Toutefois, comme les hommes ne sont pas tous capables de se gouverner par eux-mêmes, et qu’une foule sans maître est un aveugle sans chien, Socrate n’entrevoyait le salut d’un État que dans le choix éclairé d’un bon chef. Or, pensait-il, les rois et les chefs ne sont pas ceux qui portent un sceptre, ceux que le sort ou l’élection de la multitude, que la violence ou la force ont favorisés, mais ceux-là seuls qui savent commander. Cette science du commandement, ce n’est point le résultat d’un vote qui peut la donner à celui qui ne l’a point et qui ne fait rien pour l’avoir. Difficile, en effet, délicat et complexe est l’art de gouverner les hommes et les choses.
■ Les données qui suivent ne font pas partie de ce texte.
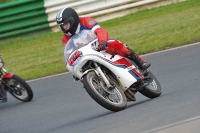 Mallory-park-Leicestershire;Mallory-park-photographs;Motorcycle-action-photographs;classic-bikes;event-digital-images;eventdigitalimages;mallory-park;no-limits-trackday;peter-wileman-photography;vintage-bikes;vintage-motorcycles;vmcc-festival-1000-bikes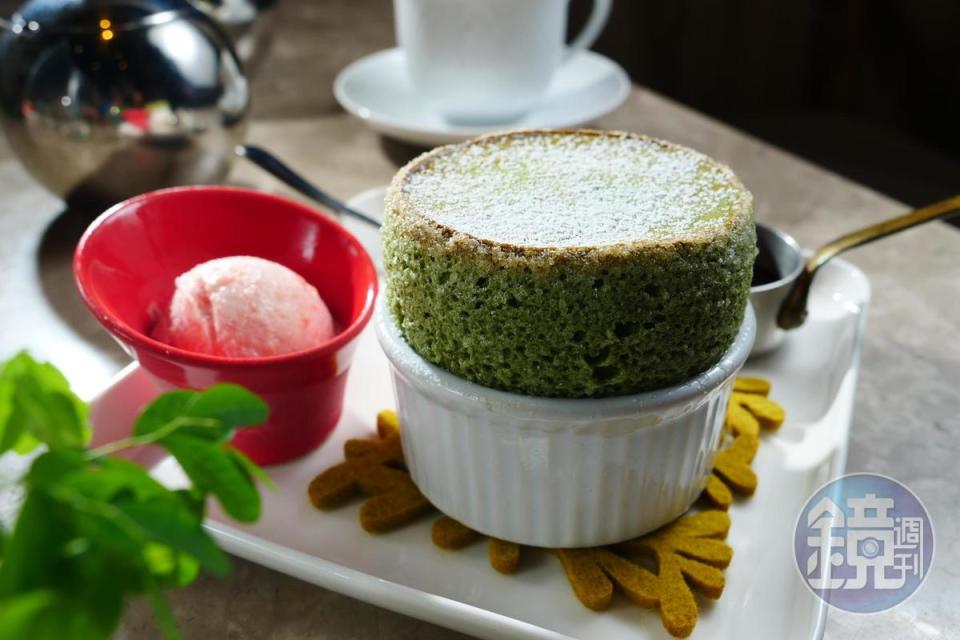 「抹茶舒芙蕾」使用日本宇治抹茶粉，每週三限定。（190元／份）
Peu nombreux sont ceux qui le possèdent, et les impudences des gouvernants sans sagesse, s’ils font le malheur de tous les gouvernés, n’arrivent point cependant à convaincre ceux qui parviennent au pouvoir à leur suite de la nécessité de s’appliquer à étudier les hommes avant de pouvoir efficacement s’employer à les gouverner, ce qui est proprement les conduire au bonheur.
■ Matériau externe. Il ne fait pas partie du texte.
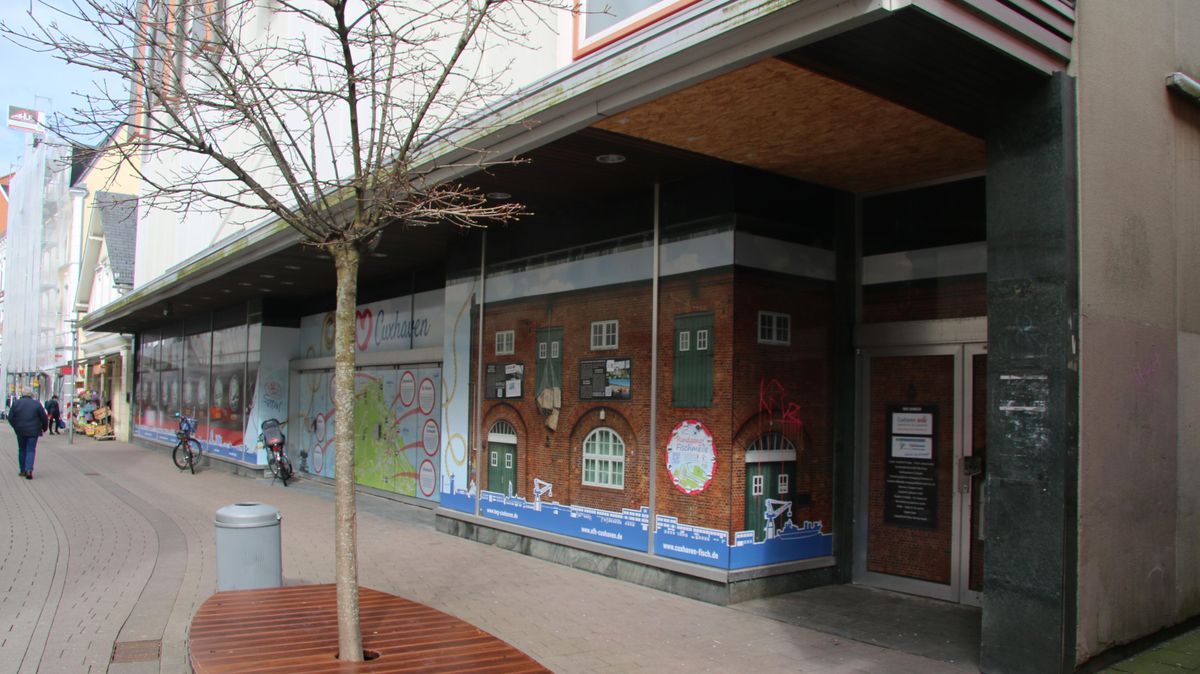 Der Stader Unternehmer Helmut Lührs hat vielversprechende Pläne für das ehemalige Woolworth-Kaufhaus in der Cuxhavener Innenstadt. Archivfoto: Potschka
— Je m’étonne, disait un jour Socrate, que ceux qui veulent jouer de la cithare ou de la flûte, monter à cheval ou posséder quelque autre talent semblable, ne prétendent pas être habiles sur-le-champ et uniquement par leurs propres efforts. Je les vois tous cher-ce cher les maîtres les plus célèbres, se confier entièrement à eux et se comporter comme s’il n’y avait pas d’autre moyen d’acquérir habileté et renom. Par contre, ceux qui se proposent de devenir de grands orateurs, de grands hommes d’État, croient pouvoir par eux-mêmes, sans préparation, sans étude, acquérir d’un seul coup le talent et la science qu’il faut pour éduquer et gouverner les hommes. Ne faut-il pas être fou pour croire que, sans apprentissage et sans maître, on ne puisse se rendre habile dans les arts mécaniques, et que la plus délicate et la plus importante des sciences, celle de conduire un État, s’apprenne sans rien faire et sans rien étudier? Un ignorant qui brigue le pouvoir est semblable à un autre ignorant qui dirait : Athéniens, je n’ai jamais étudié la médecine; jamais je ne me suis mis à l’école d’un maître. Non seulement j’ai évité d’apprendre, mais encore j’ai tout fait pour ne point être soupçonné même d’avoir appris. Cependant, accordez-moi votre confiance; prenez-moi comme médecin. Je tâcherai de m’instruire en faisant des expériences sur vous. »

C’était donc dans l’espoir de donner un bon chef à la démocratie athénienne que Socrate projeta de former Alcibiader. Le fils de Clinias, en effet, n’était pas seulement le prince de la jeunesse. Neveu de Périclès, il semblait aussi destiné à recueillir l’héritage de la gloire et du génie de son oncle. La dictature intelligente et souple de ce grand homme n’était pas éternelle; ses fils paraissaient incapables de lui succéder, et les yeux d’Athènes se tournaient volontiers vers ce jeune homme de haute et belle naissance qui, tout en étant à même de protéger comme son oncle les lettres et les arts, se plaisait en outre aux faveurs de la foule, était prisé par elle, et paraissait, par l’ascendant qu’il avait conquis, être apte à la conduire et à en être écouté.